*LISTED ENTRIES:*

*****

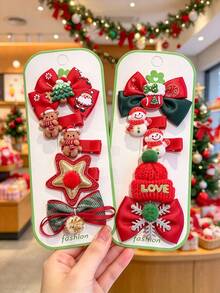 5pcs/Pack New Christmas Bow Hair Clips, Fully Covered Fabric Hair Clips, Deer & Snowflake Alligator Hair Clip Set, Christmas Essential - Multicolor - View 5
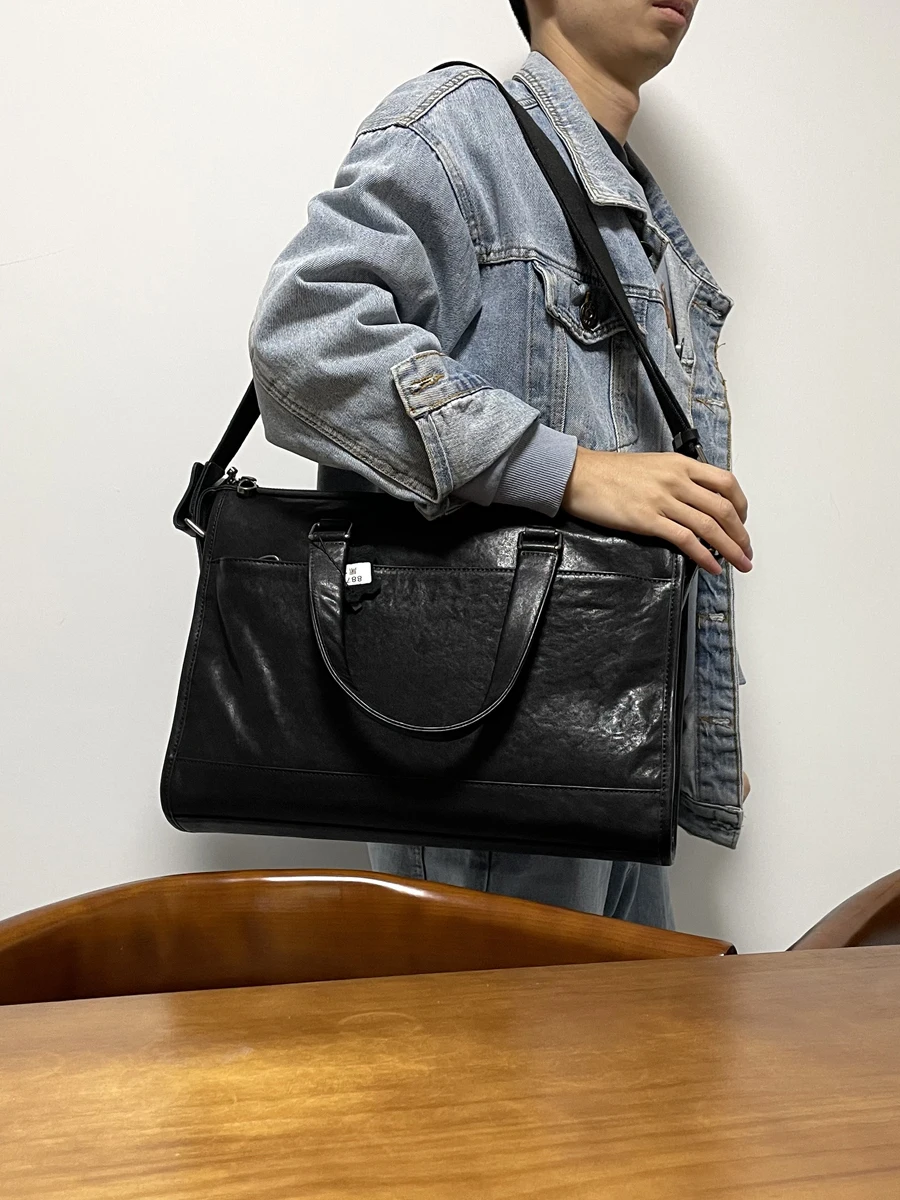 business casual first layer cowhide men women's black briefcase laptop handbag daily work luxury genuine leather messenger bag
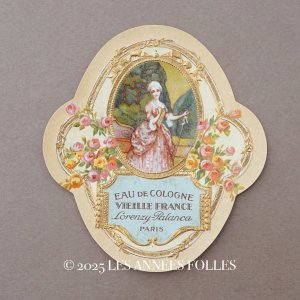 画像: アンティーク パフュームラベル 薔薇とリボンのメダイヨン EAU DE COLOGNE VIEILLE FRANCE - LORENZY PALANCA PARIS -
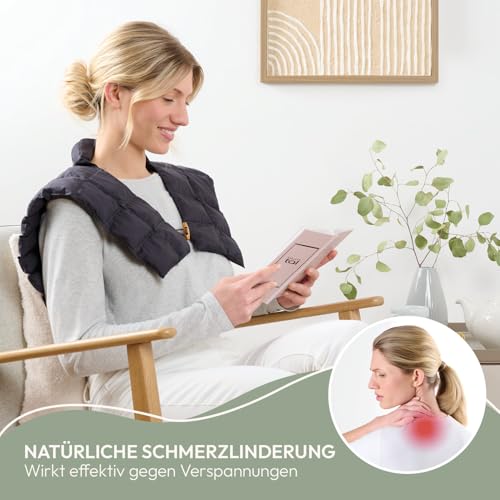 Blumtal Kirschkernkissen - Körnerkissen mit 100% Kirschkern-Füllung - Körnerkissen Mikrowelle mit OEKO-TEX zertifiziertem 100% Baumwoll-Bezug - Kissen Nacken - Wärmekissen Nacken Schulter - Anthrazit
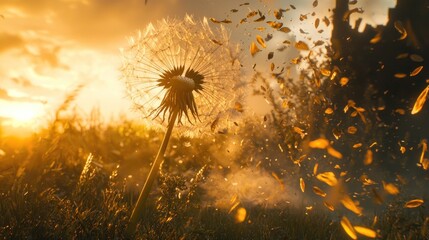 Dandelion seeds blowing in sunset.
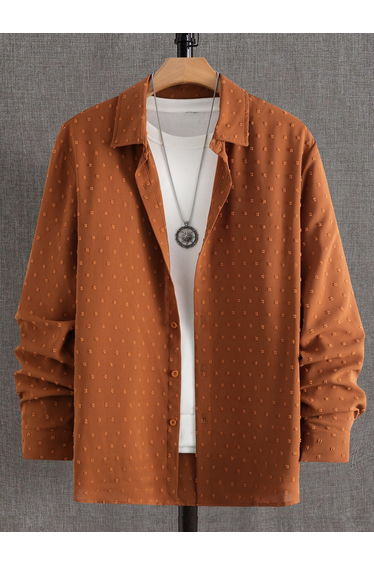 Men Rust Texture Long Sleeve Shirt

*****

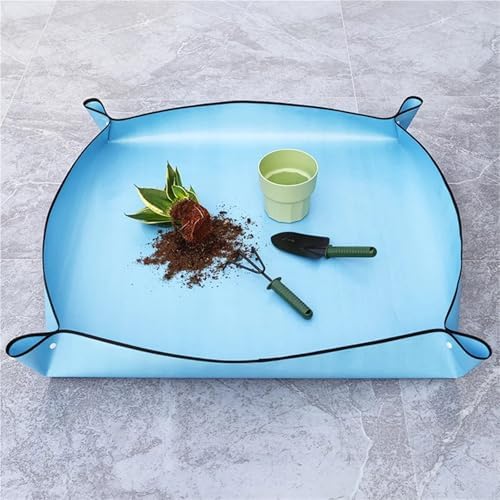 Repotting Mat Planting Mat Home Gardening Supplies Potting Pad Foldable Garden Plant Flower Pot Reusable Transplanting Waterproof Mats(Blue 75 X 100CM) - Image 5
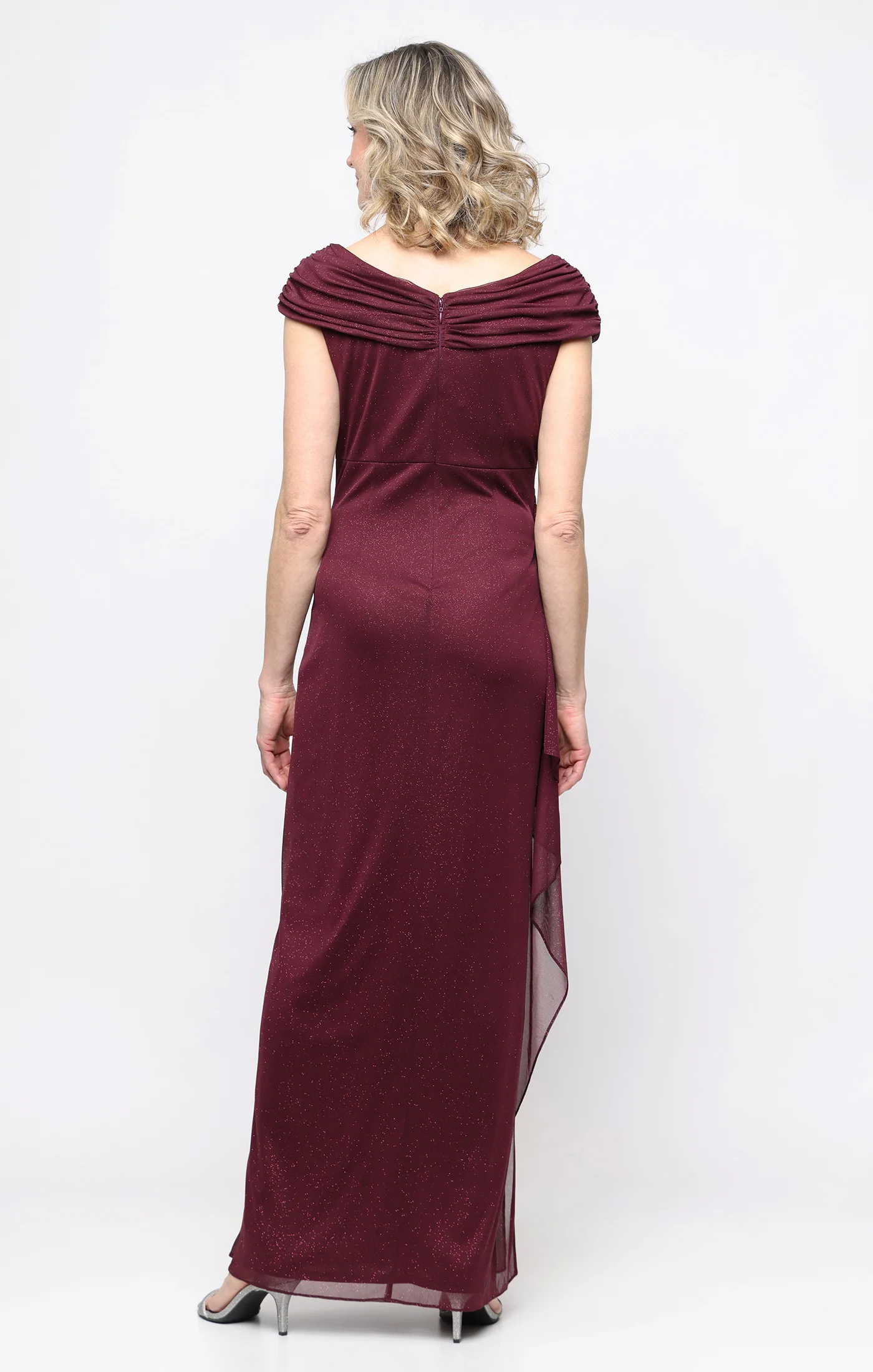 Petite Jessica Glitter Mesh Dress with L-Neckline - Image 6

*****

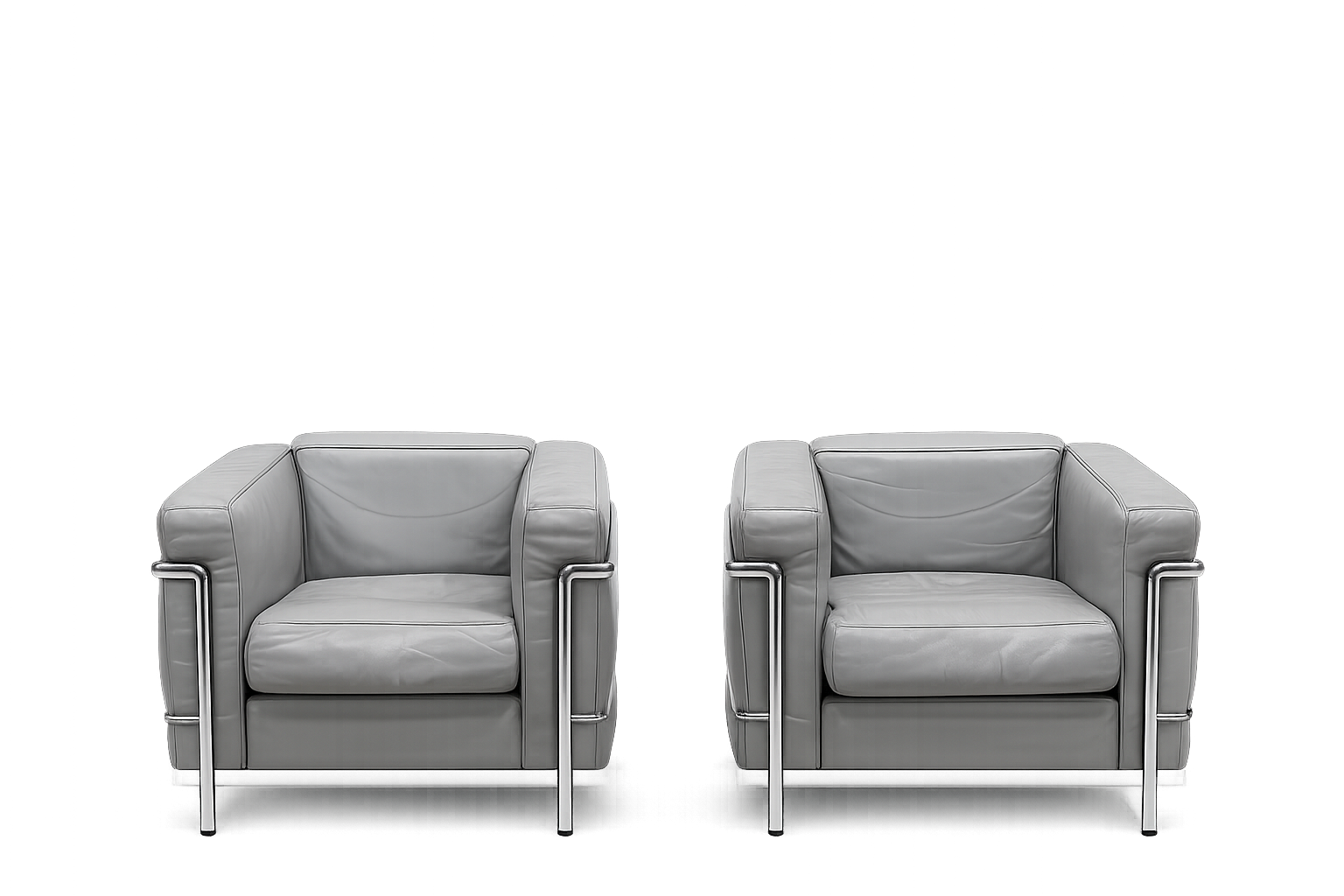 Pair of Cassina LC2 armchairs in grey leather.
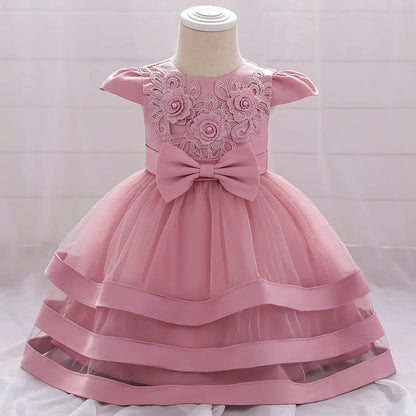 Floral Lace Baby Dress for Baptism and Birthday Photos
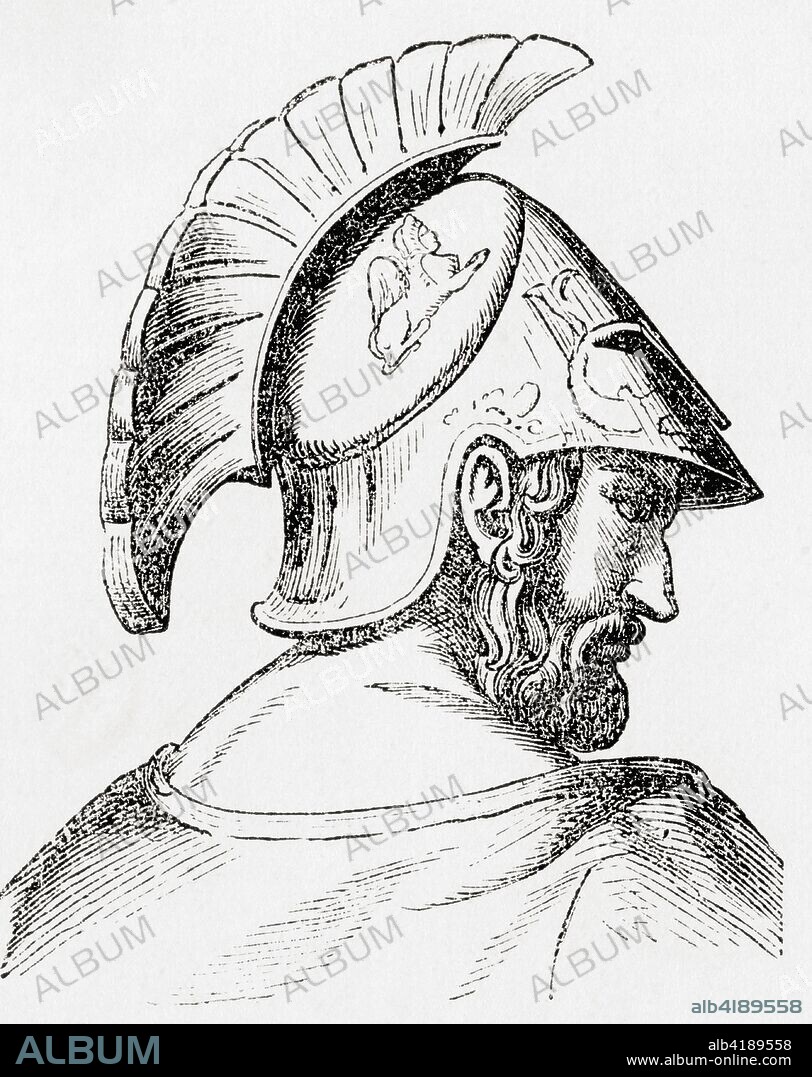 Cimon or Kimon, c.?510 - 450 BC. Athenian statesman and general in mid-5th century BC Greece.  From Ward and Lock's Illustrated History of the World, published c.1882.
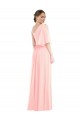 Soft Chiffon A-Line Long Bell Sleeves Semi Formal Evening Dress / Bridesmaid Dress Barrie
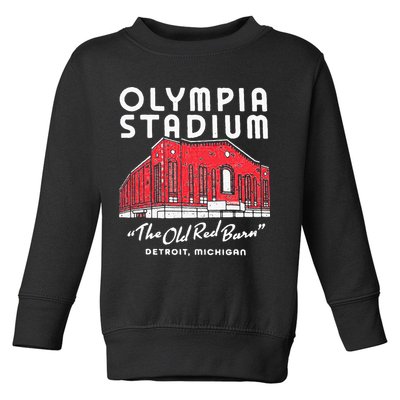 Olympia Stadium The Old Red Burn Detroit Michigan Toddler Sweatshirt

*****

*PROBLEM DESCRIPTION:*
Pictures aside, print exactly the lines above starting with the one containing "5pcs/Pack New Christmas" and going on through the one containing "Men Rust Texture Long Sleeve Shirt".

*TASK OUTPUT:*
 5pcs/Pack New Christmas Bow Hair Clips, Fully Covered Fabric Hair Clips, Deer & Snowflake Alligator Hair Clip Set, Christmas Essential - Multicolor - View 5
 business casual first layer cowhide men women's black briefcase laptop handbag daily work luxury genuine leather messenger bag
 画像: アンティーク パフュームラベル 薔薇とリボンのメダイヨン EAU DE COLOGNE VIEILLE FRANCE - LORENZY PALANCA PARIS -
 Blumtal Kirschkernkissen - Körnerkissen mit 100% Kirschkern-Füllung - Körnerkissen Mikrowelle mit OEKO-TEX zertifiziertem 100% Baumwoll-Bezug - Kissen Nacken - Wärmekissen Nacken Schulter - Anthrazit
 Dandelion seeds blowing in sunset.
 Men Rust Texture Long Sleeve Shirt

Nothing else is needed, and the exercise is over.